The bulk of the book consists, not, as one might expect, of review of available instruments for use in different circumstances, but of chapter-by-chapter reviews of particular instruments. In themselves the chapters are a useful source of information concerning these tests. However, no rationale is provided for the choice of the instruments reviewed or the exclusion of alternatives. Some are obvious choices, such as the Beck scales and the immortal Minnesota Multiphasic Personality Inventory and Rorschach test. For others, I would have liked to have been convinced that these were the best available measures of their kind. From the point of view of a UK reader, the choice reflects the North American origins of the book and omits such widely used measures as the General Health Questionnaire. Another example is the assessment of marital satisfaction by means of the Snider and Aikman measures, whereas in the UK the Golombok—Rust Inventory of Sexual Satisfaction is preferred. Interestingly, the only measure of British provenance is the Hamilton Depression Inventory, an Americanisation of Max Hamilton's standardised clinical interview published in 1960.
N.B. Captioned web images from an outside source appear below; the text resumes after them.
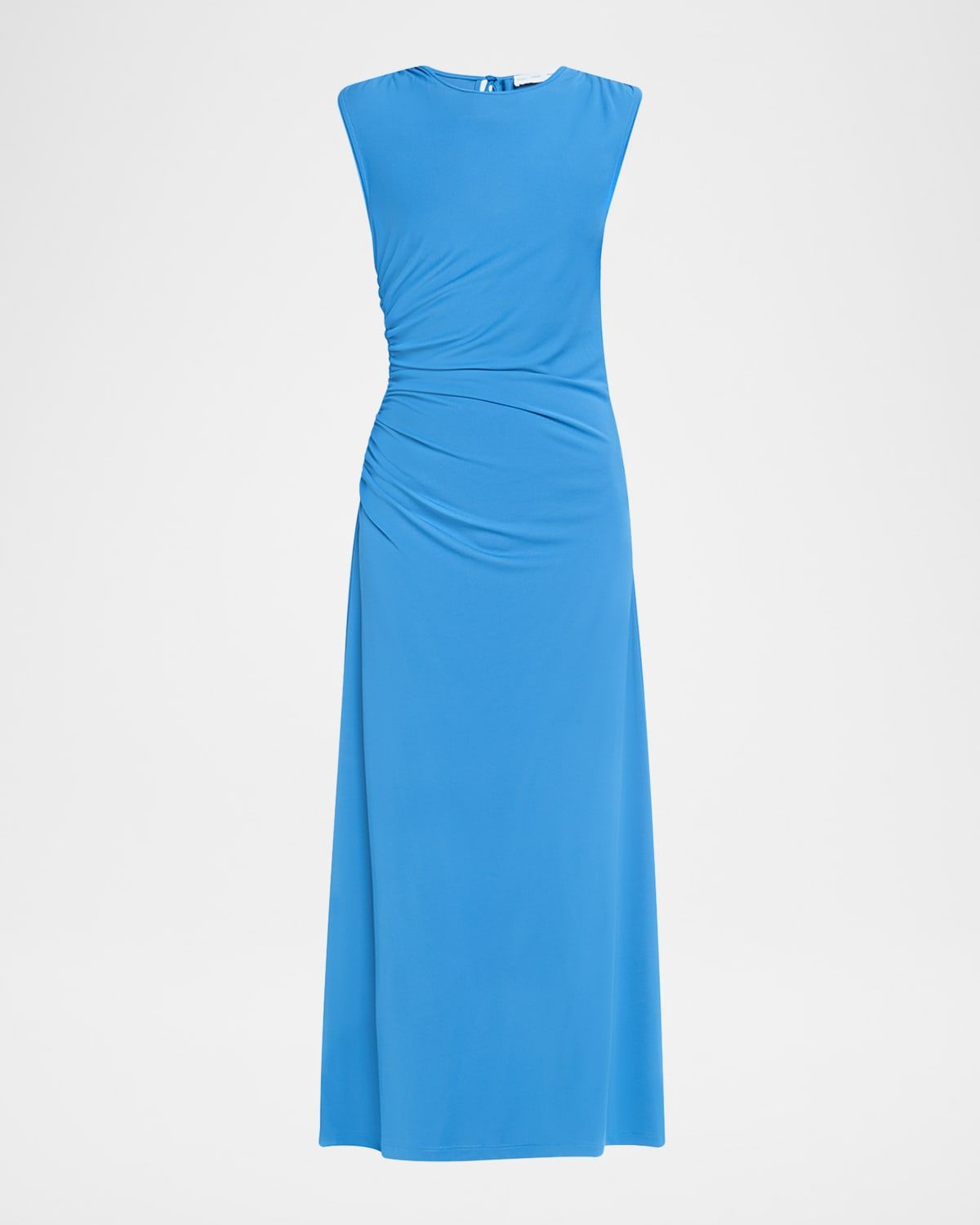 Mimi Ruched Crepe Dress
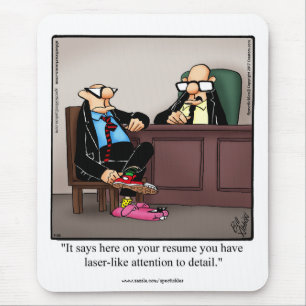Hilarious Office Humour Mousepad Gift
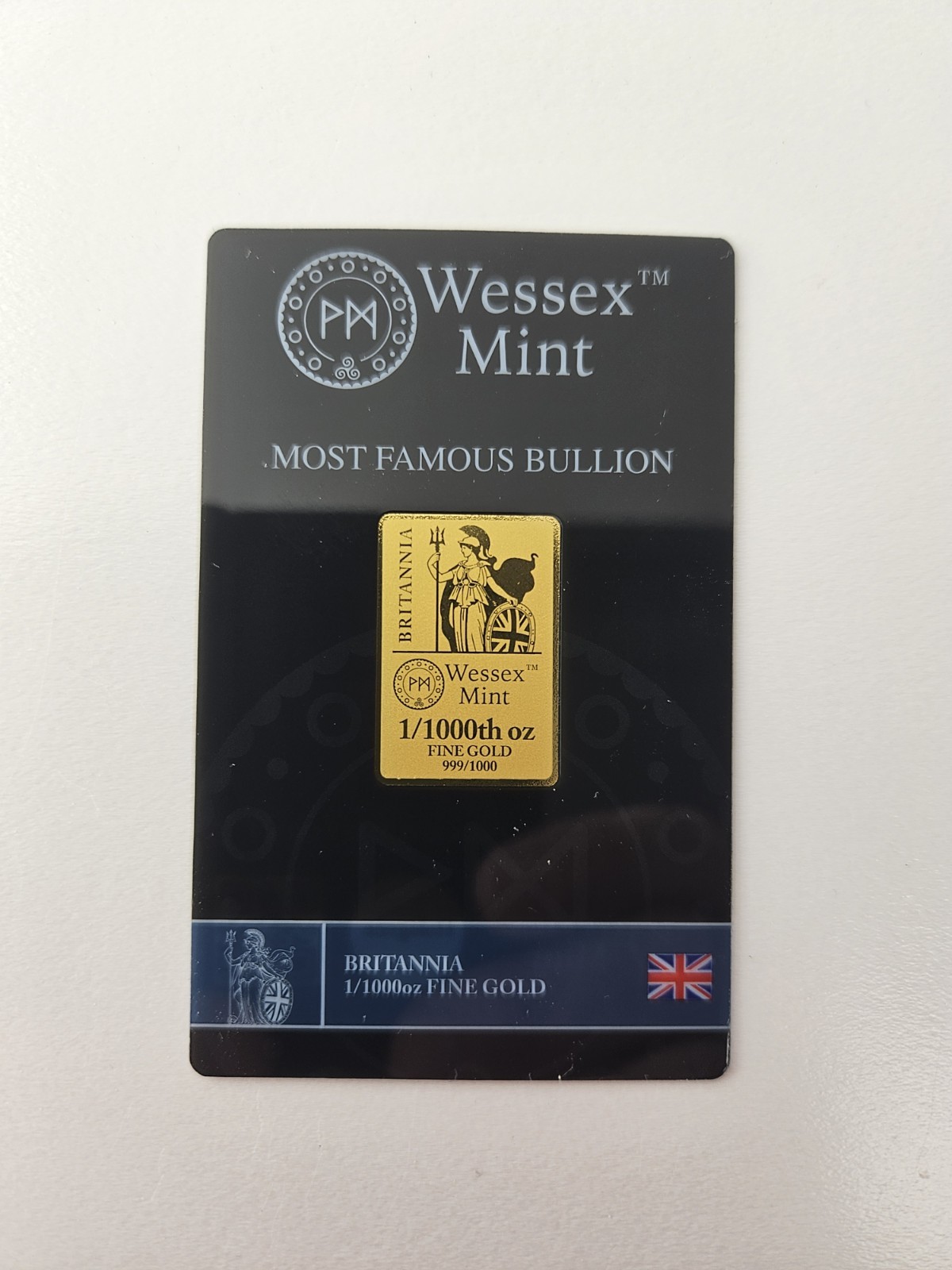 Wessex Mint World Bullion Collection Complete 12 Bar Set 999 Fine Gold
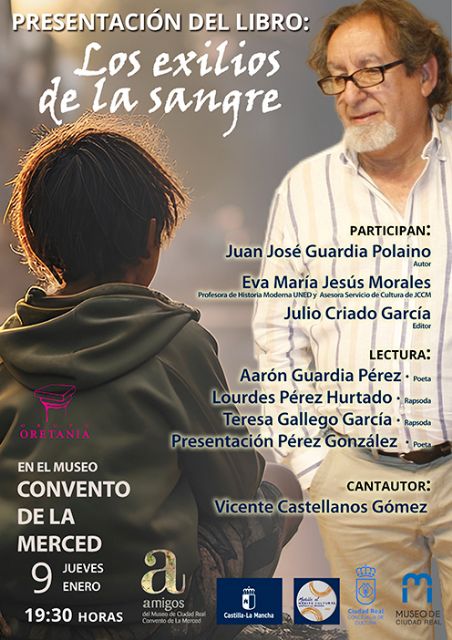 Juan José Guardia Polaino, presenta en la Merced su poemario Los exilios de la sangre - 1, Foto 1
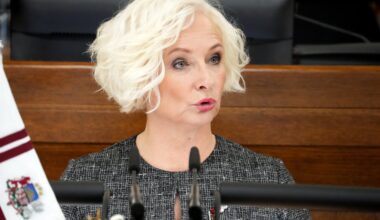 Uz Kijivu devusies Saeimas priekšsēdētājas vadītā delegācija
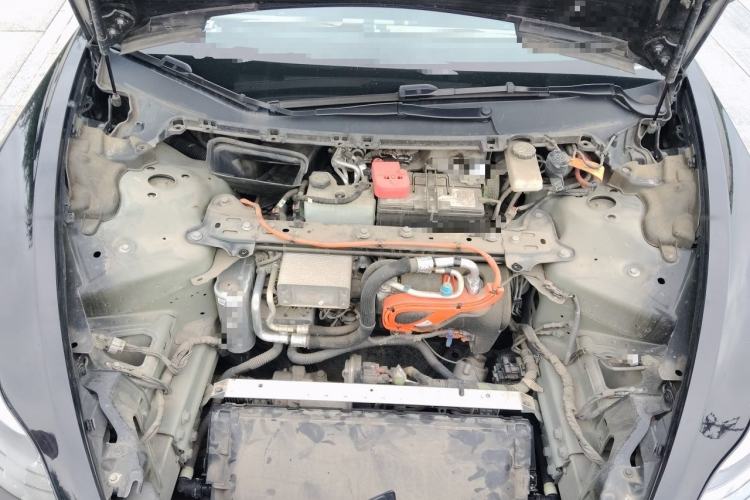 Used Tesla Model 3 2021 Revised Version Standard Range Rear-Wheel Drive Upgraded Edition 3D1 Engine Bay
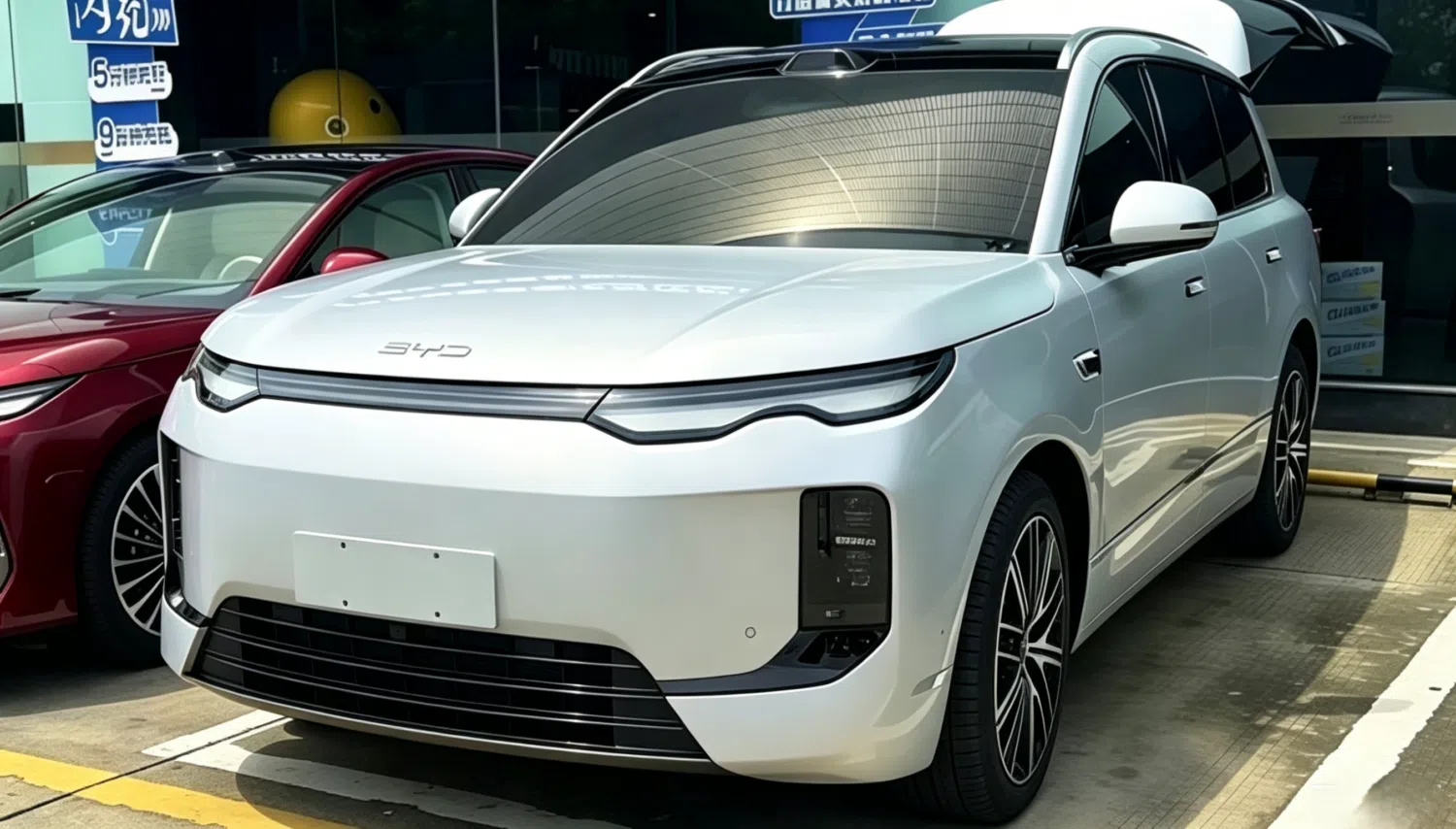 SUV Terbaru BYD Sealion 08 Siap Tantang Kompetitor. (Foto/Carnewschina)
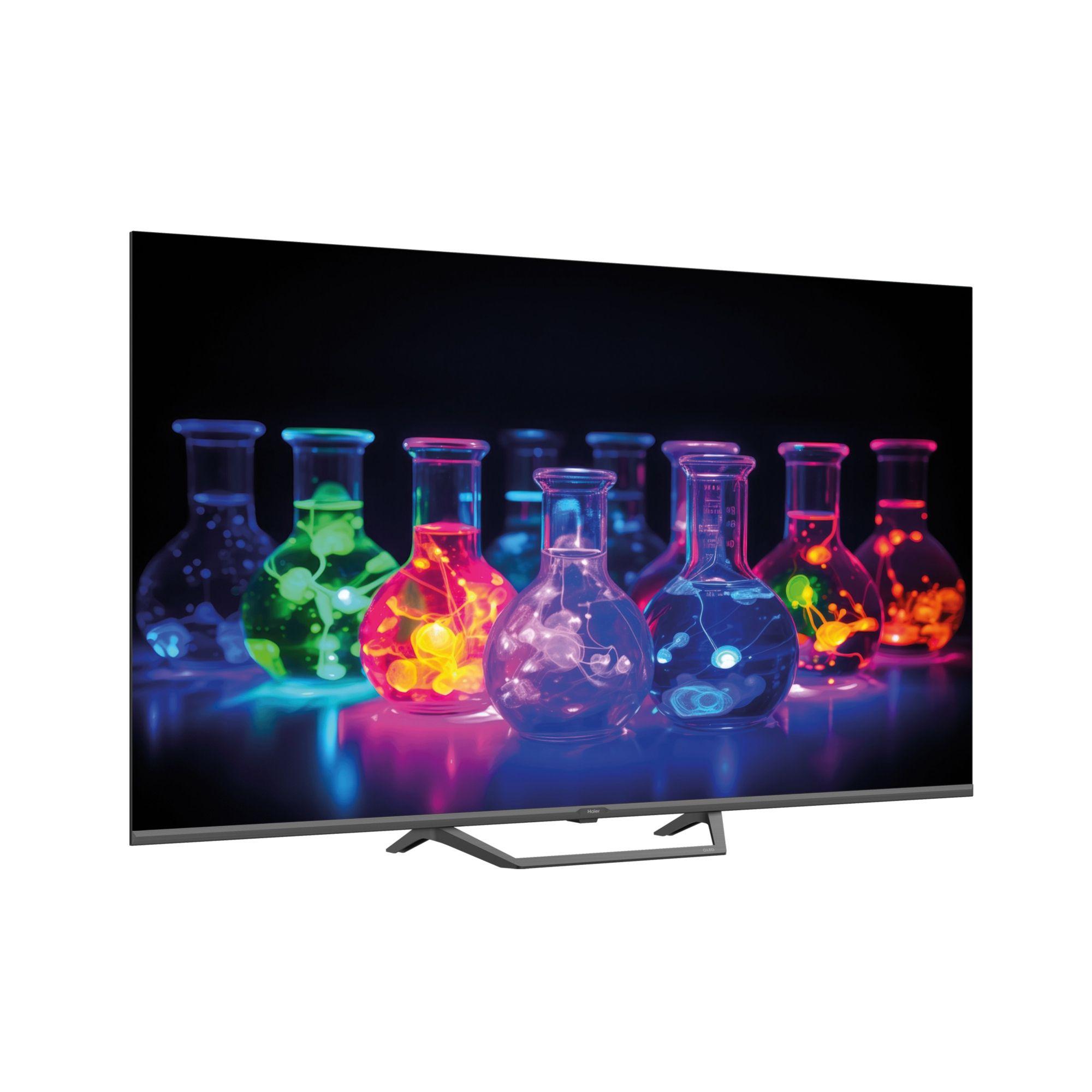 Televisão HAIER TV H65S80EUX (65" - 4K Ultra HD QLED - Google TV - Preto), miniatura 2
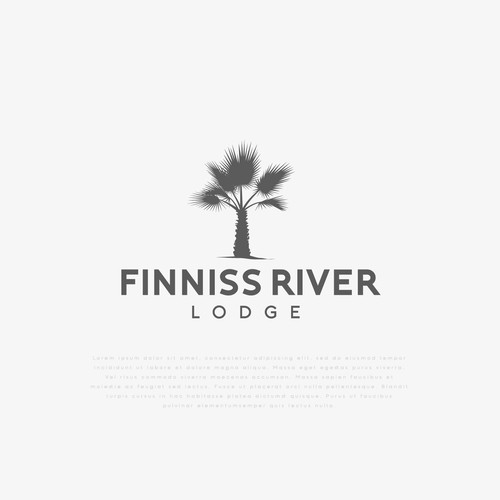 Logo for new Luxury Lodge on a working cattle station in the NT Design by Michael San Diego CA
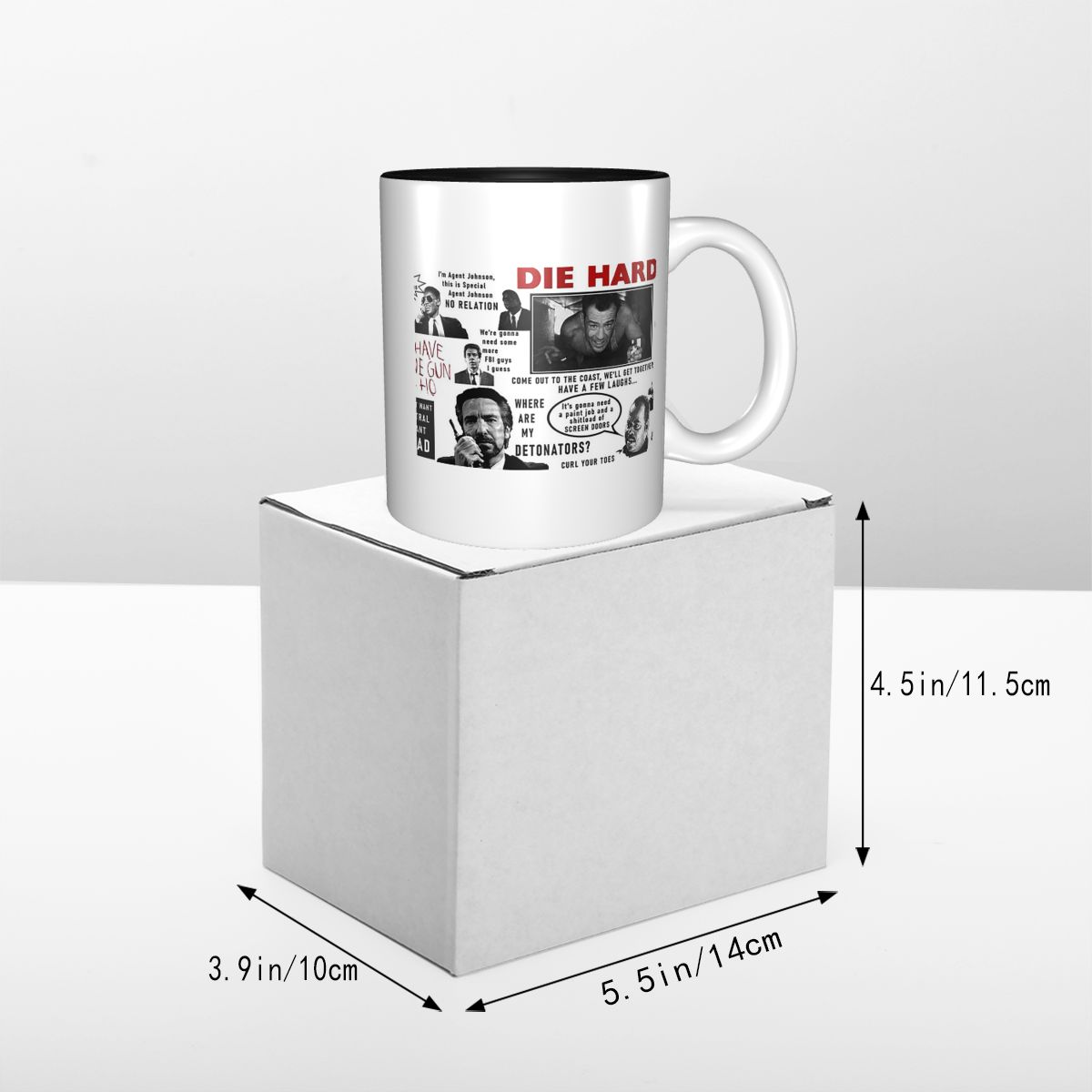 Die Hard Christmas - Quotes Mo - Coffee And Tea Quotes Funny recensie en prijs
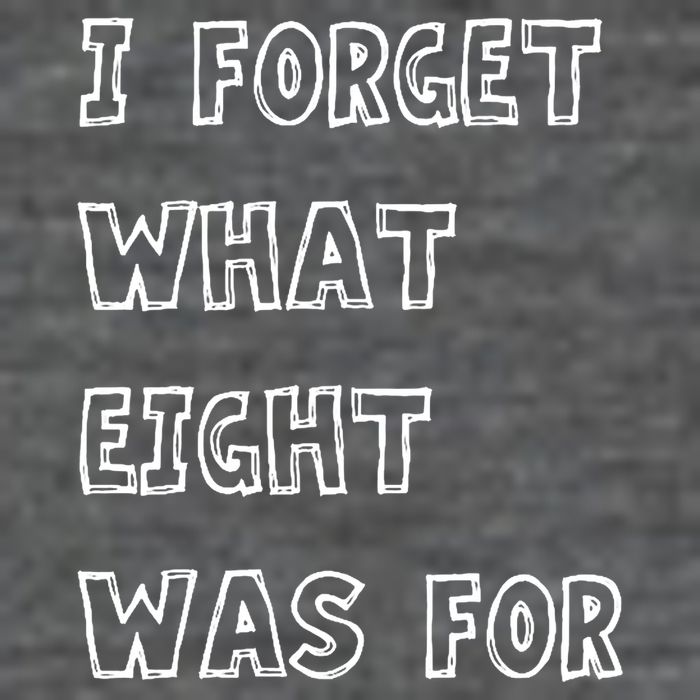 I Forget What Eight Was For Violent Femmes Kiss Off Zip Tote Bag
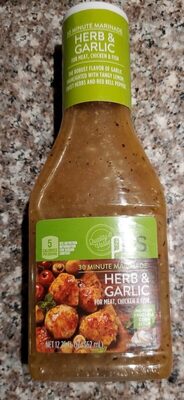Herb & Garlic 30 Minute Marinade, Herb & Garlic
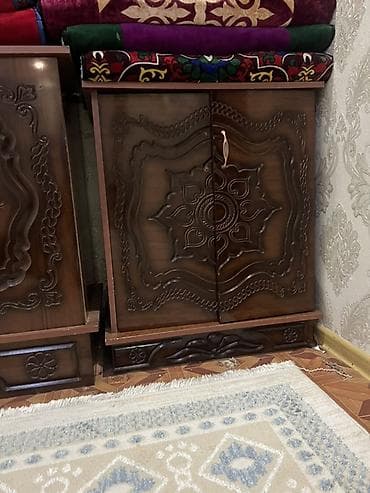 Сундук, Б/у, Для белья, Дерево, Самовывоз, цвет - Коричневый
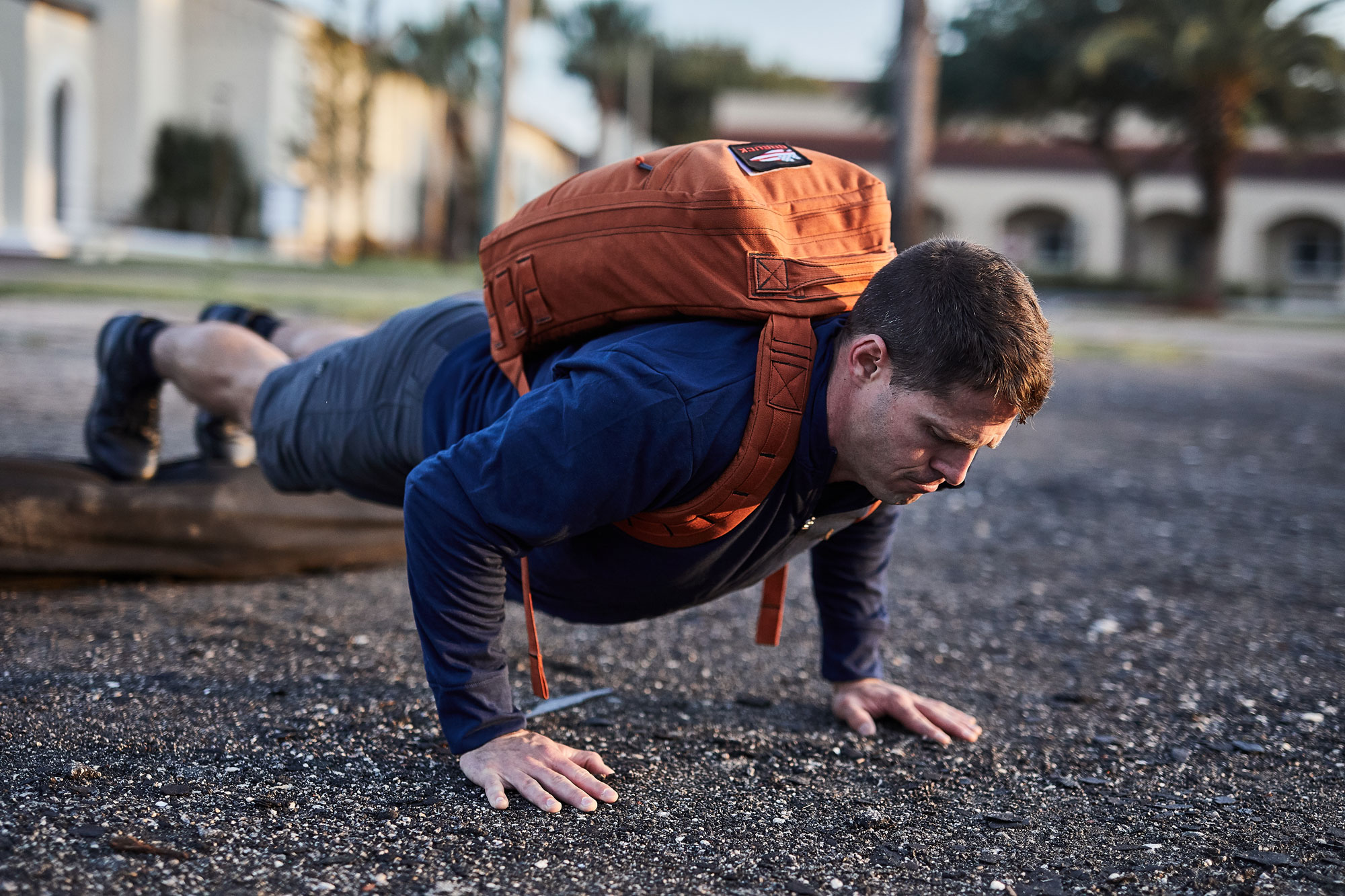 Rucking: The Full Body Workout and All You Need Is a Backpack - The New  York Times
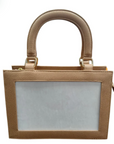 Threaded and Tipsy Leather Purse (takes a 8x5” Insert)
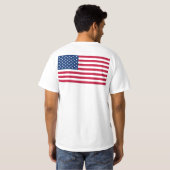Amerikaanse patriot t-shirt (Achterkant volledig)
There is a loose structure to each chapter which involves a description of the development of standardisation, psychometric properties, uses and interpretation. Beyond this the editor appears to have left it to the discretion of individual authors. Some have included case examples, some problems and limitations.

A book of this size is unwieldy. Even if one accepts that it is unlikely to be anyone's choice of bedtime reading it is unnecessarily bulky, even as a reference work. Fewer and fewer people work with both children and adults and in my opinion the child and adult sections should have been separated into two volumes.

Its main use is likely to be as a source of information on a particular psychometric instrument, once one has identified it as a focus of interest and established, presumably through a database, that it has a chapter on the instrument in question.